* [Exercise brief]:
Below are records with pictures in them. Output exactly the lines from the one with "В Пензе гражданка, подозреваемая" through the one with "Photo of 2024 Summit White Chevrolet Equinox", both included, and leave every picture out; give only those lines.

* [Study material]:
________

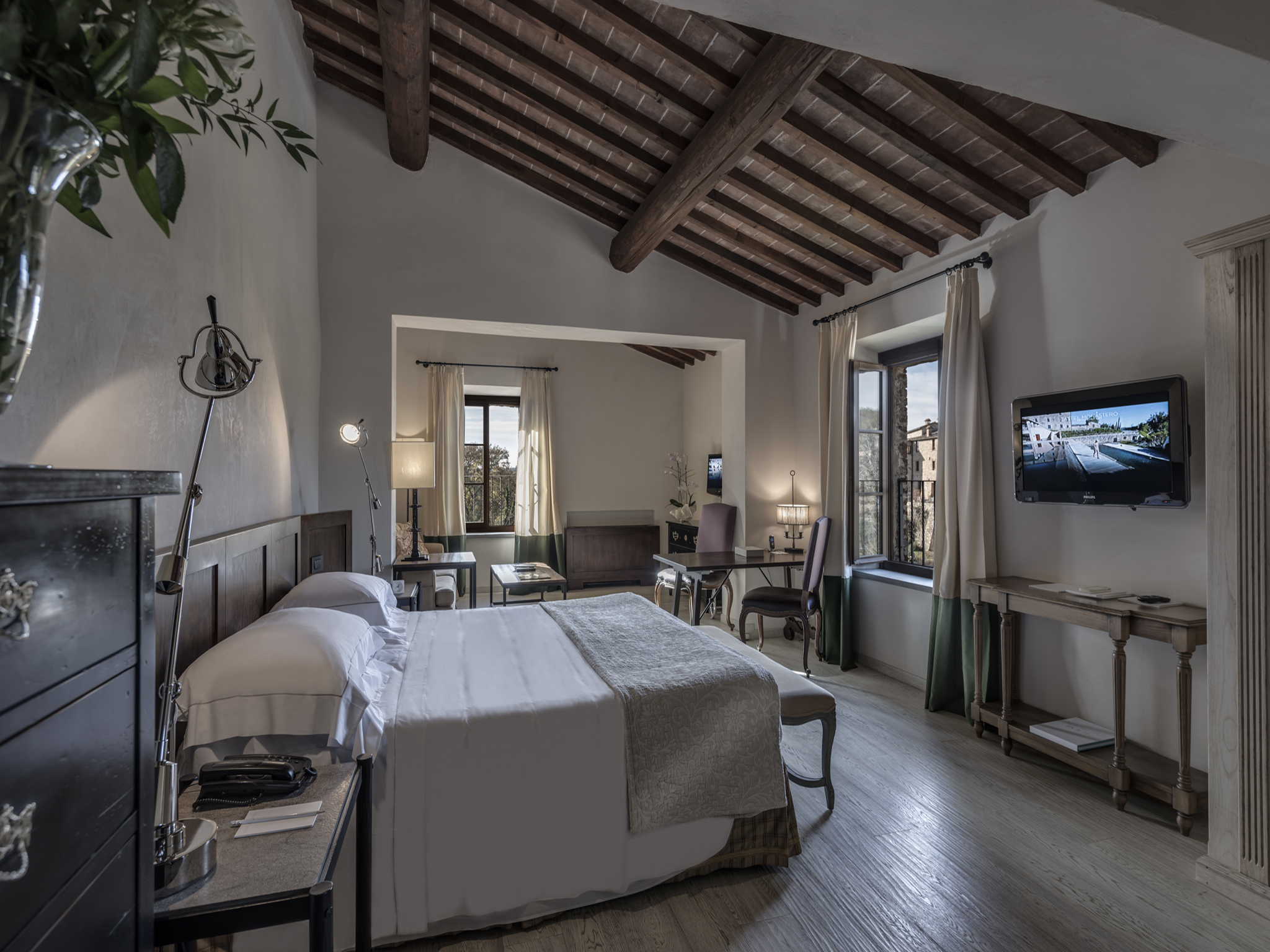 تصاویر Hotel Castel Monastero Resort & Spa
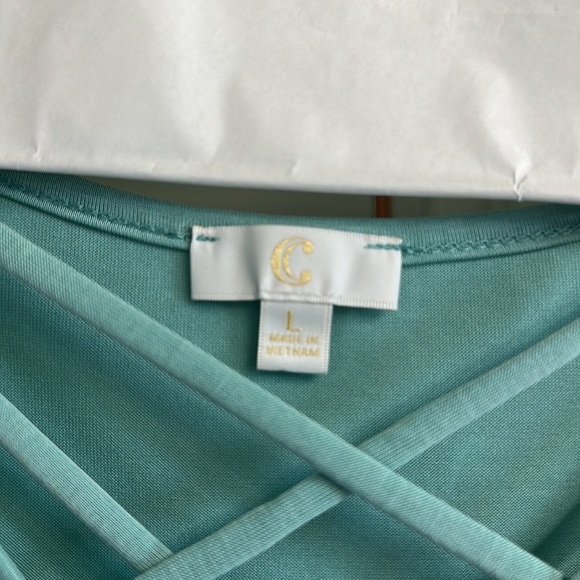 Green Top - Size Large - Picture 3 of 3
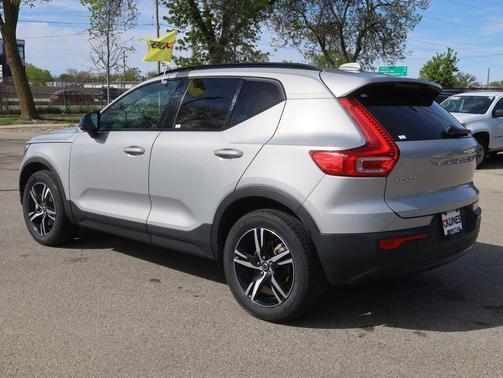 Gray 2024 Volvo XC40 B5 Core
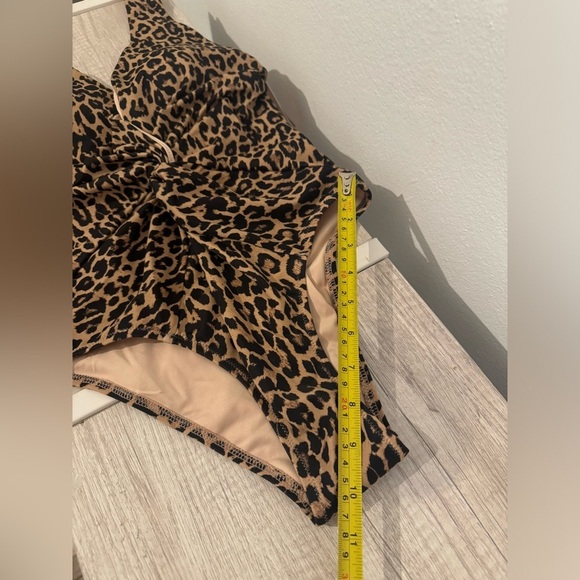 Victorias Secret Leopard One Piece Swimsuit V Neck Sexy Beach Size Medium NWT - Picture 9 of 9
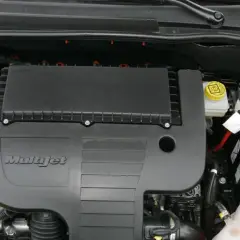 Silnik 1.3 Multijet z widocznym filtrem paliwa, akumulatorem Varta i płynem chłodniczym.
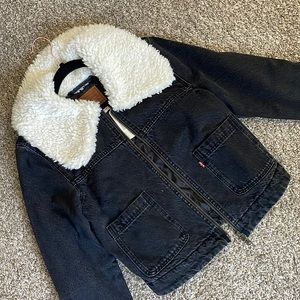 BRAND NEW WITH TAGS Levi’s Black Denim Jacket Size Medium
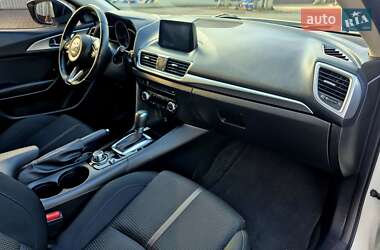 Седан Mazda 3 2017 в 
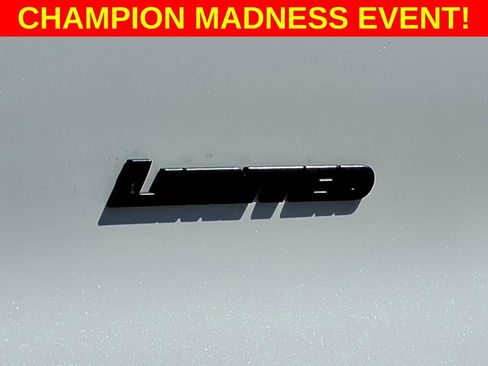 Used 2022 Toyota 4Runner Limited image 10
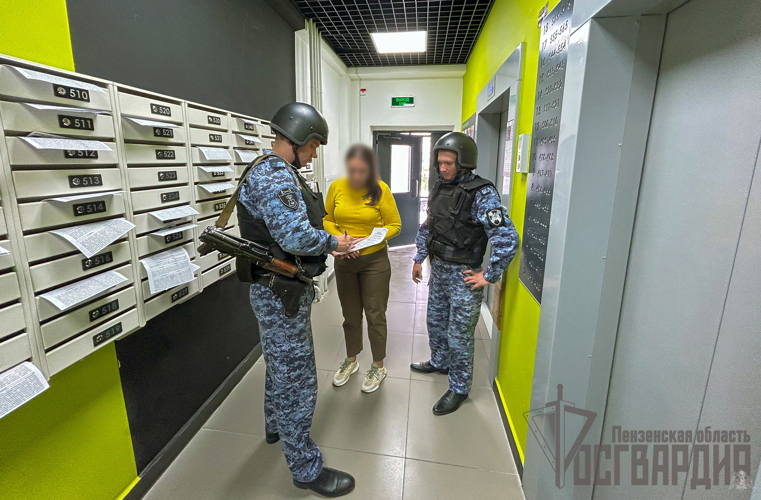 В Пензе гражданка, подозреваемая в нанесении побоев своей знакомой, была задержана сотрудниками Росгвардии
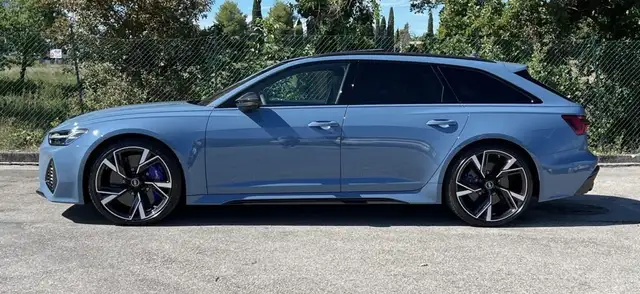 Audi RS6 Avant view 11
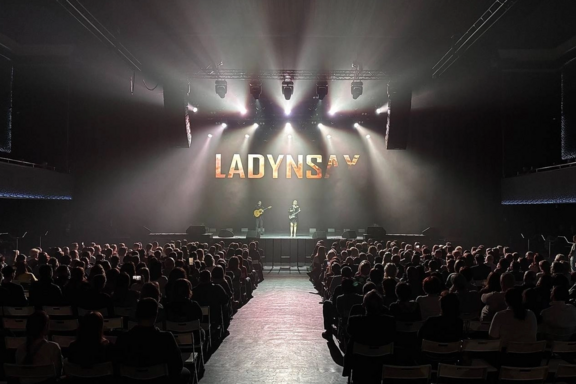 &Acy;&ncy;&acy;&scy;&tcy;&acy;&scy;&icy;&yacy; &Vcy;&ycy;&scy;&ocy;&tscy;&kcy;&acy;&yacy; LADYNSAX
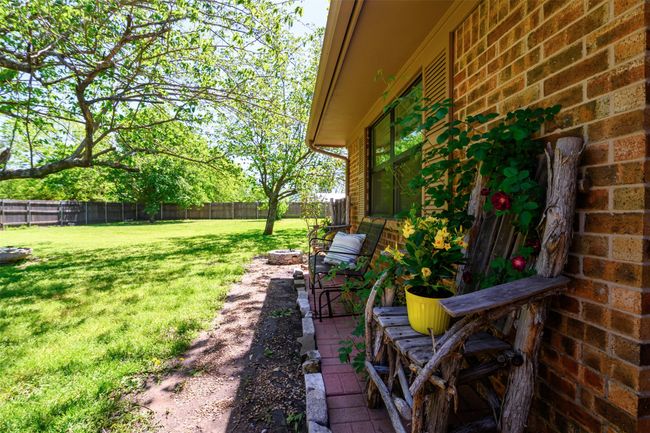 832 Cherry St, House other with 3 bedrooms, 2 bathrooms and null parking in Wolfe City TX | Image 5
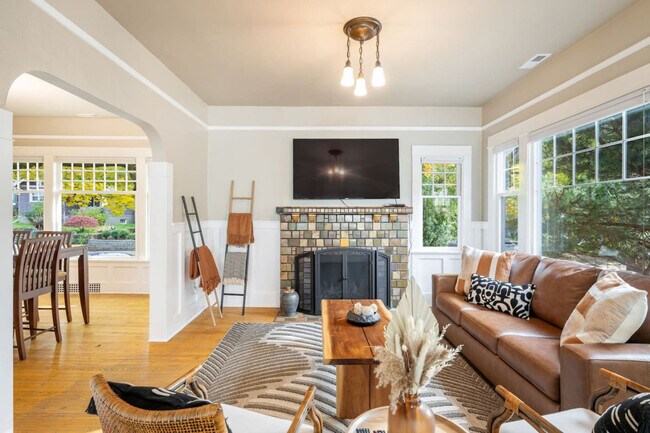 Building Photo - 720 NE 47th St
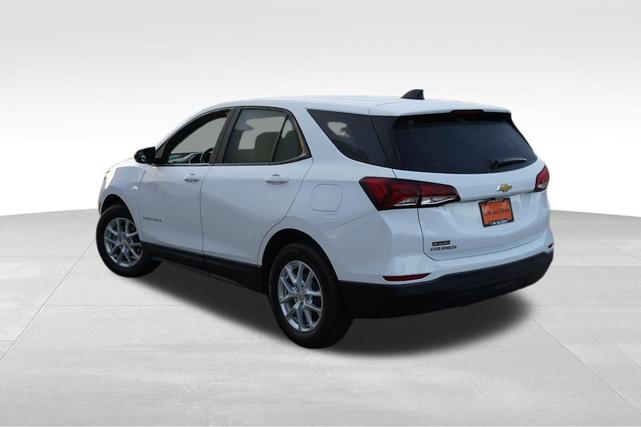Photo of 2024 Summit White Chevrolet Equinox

________

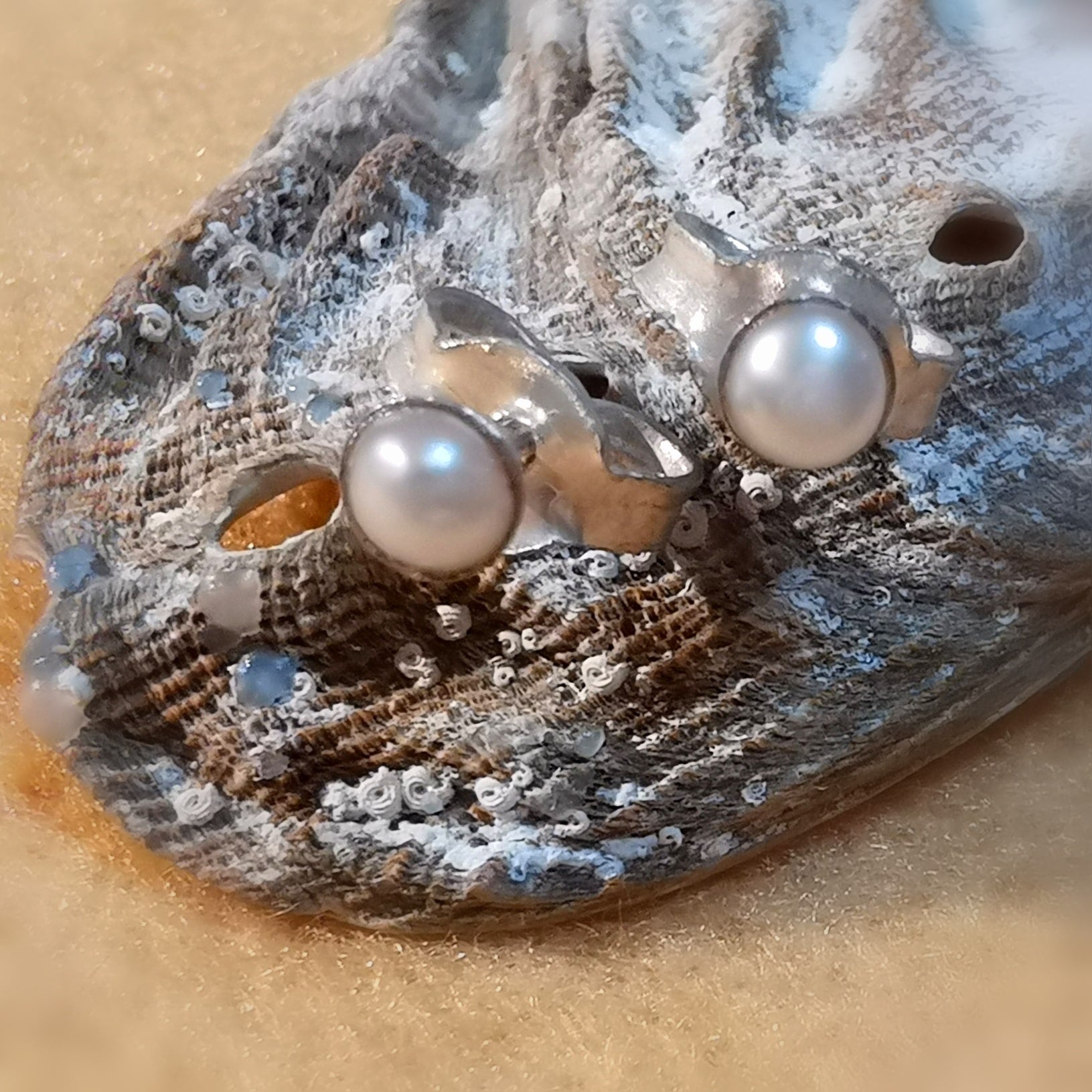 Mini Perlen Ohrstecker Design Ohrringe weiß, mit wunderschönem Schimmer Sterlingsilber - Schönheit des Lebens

________

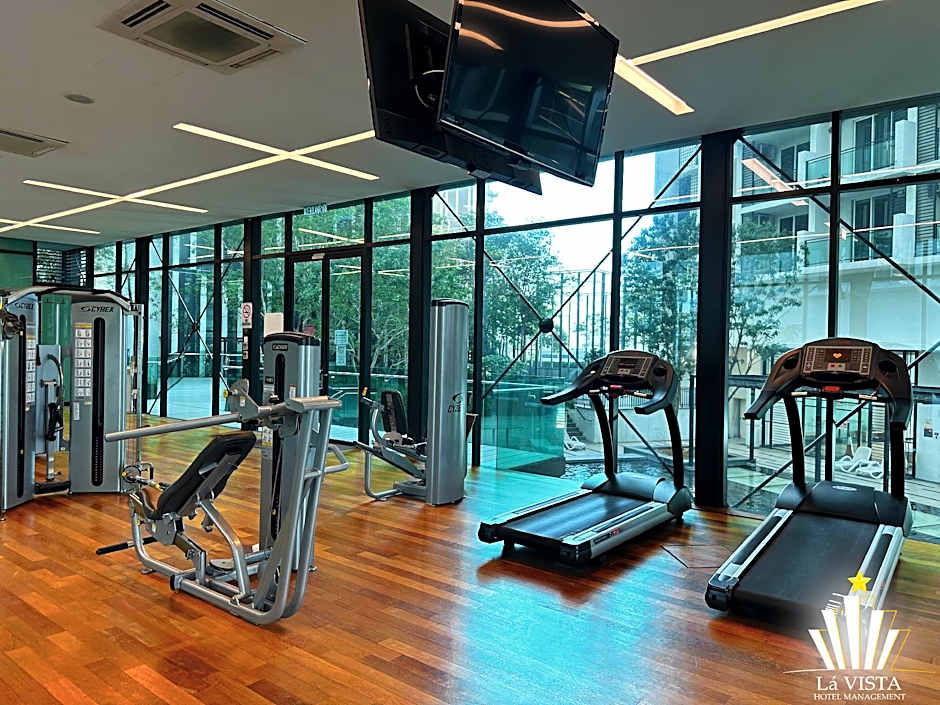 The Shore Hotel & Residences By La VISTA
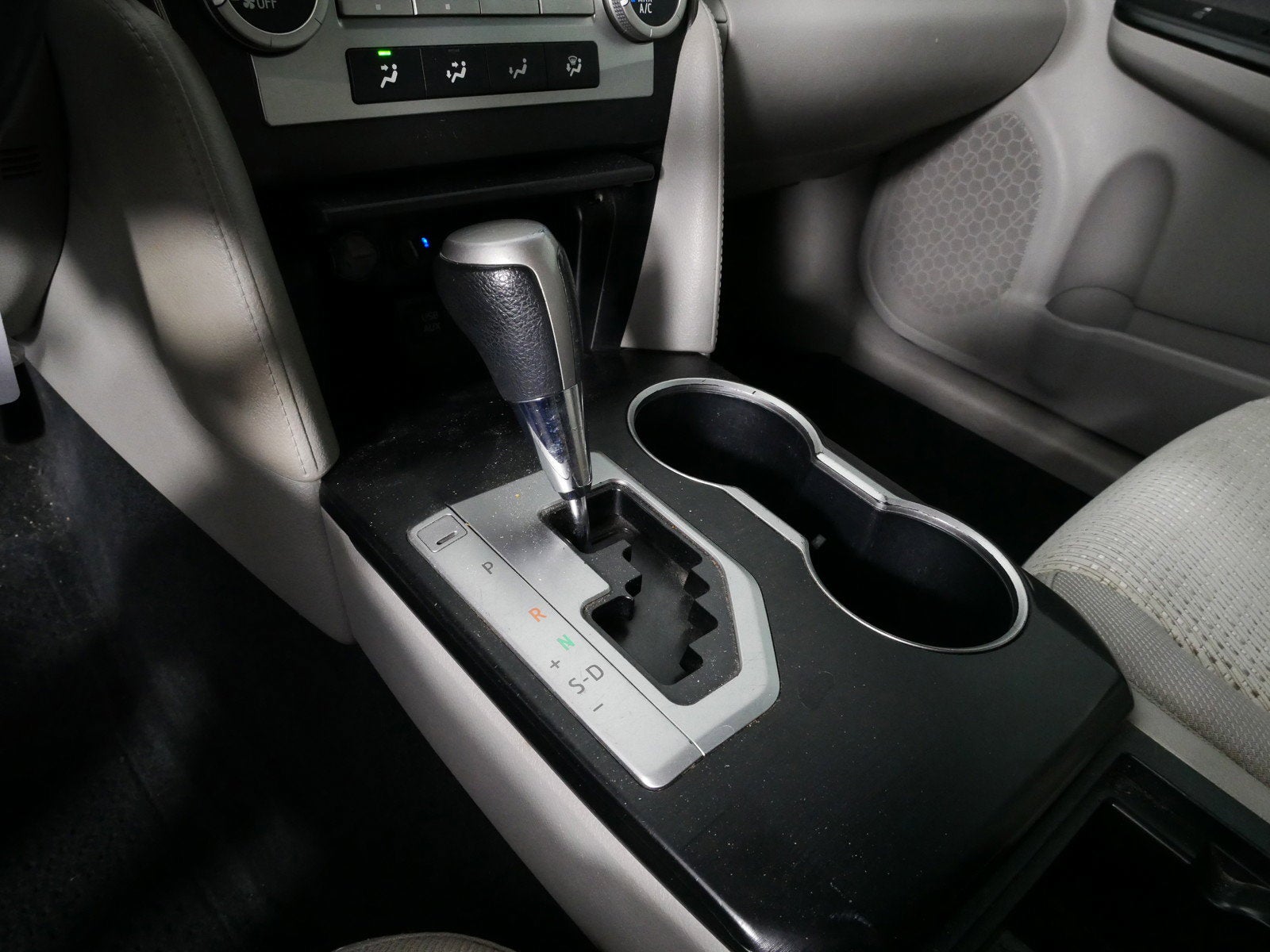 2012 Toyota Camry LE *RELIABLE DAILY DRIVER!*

________

* [Expected answer]:
 В Пензе гражданка, подозреваемая в нанесении побоев своей знакомой, была задержана сотрудниками Росгвардии
 Audi RS6 Avant view 11
 &Acy;&ncy;&acy;&scy;&tcy;&acy;&scy;&icy;&yacy; &Vcy;&ycy;&scy;&ocy;&tscy;&kcy;&acy;&yacy; LADYNSAX
 832 Cherry St, House other with 3 bedrooms, 2 bathrooms and null parking in Wolfe City TX | Image 5
 Building Photo - 720 NE 47th St
Photo of 2024 Summit White Chevrolet Equinox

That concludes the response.